For a list of BASHing data 2 blog posts see the index page.
The curious world of UUIDs
I often see UUIDs (Universally Unique IDentifiers) in my data work, like this one:
b2ca08fb-5537-48e3-a5bc-ee8de24baa2a
but until recently I had no idea what was behind their design. All I knew is that they contained randomly generated information — so much information that it was extremely unlikely that two separately generated UUIDs would be the same.

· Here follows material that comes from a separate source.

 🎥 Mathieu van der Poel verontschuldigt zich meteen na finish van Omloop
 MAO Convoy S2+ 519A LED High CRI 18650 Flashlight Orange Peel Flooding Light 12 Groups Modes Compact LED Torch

This makes UUIDs ideal for database table records, product IDs and other uses where identifiers need to be genuinely and permanently unique.
I now know that there are currently eight different versions in the UUID standard, and more may be coming.
The UUID format is a string of 32 ASCII characters (0-9 and a-f or A-F) in 5 hyphen-separated blocks. I suspect the block/hyphen structure is there so that a program given a UUID as a string will recognise the string as a UUID. Ignoring the hyphens, a UUID could be seen as a gigantic number expressed in hexadecimal format. In binary (base 2), the number is a string of 128 bits:
Ignore the number. It's that binary string that's important in UUIDs, but it isn't read as a number. Instead it's processed bit by bit. Below is the example ID and its 128 bits, numbered from 0 to 127. I've grouped the bits in 32 quartets so you can see how each of the 32 hexadecimal "digits" in the UUID is formed. I also show octets of bits, numbered from 0 to 15:
Version 4. How the bits are generated depends on the UUID version. A great tool for working with UUIDs is uuid, because in addition to allowing you to generate any number of UUIDs in versions 1 to 5, the -d option for uuid allows you to decode a UUID and see a report on it:
OK, my example UUID is version 4. The "SIV" result is just the gigantic hexadecimal number in decimal format:
The version 4 specification says that the first 48 bits (0-47 in the diagram above) can be filled with randomly or pseudo-randomly generated 1's and 0's. Bits 48 through 51 are the "version field", and are always filled with "4" in version 4. That means you can spot a version 4 UUID by looking for a "4" as hexadecimal character 13 out of 32, at the beginning of the third hyphenated block:
b2ca08fb-5537-48e3-a5bc-ee8de24baa2a
The next 12 bits (52-63) can again be filled with random 1's and 0's.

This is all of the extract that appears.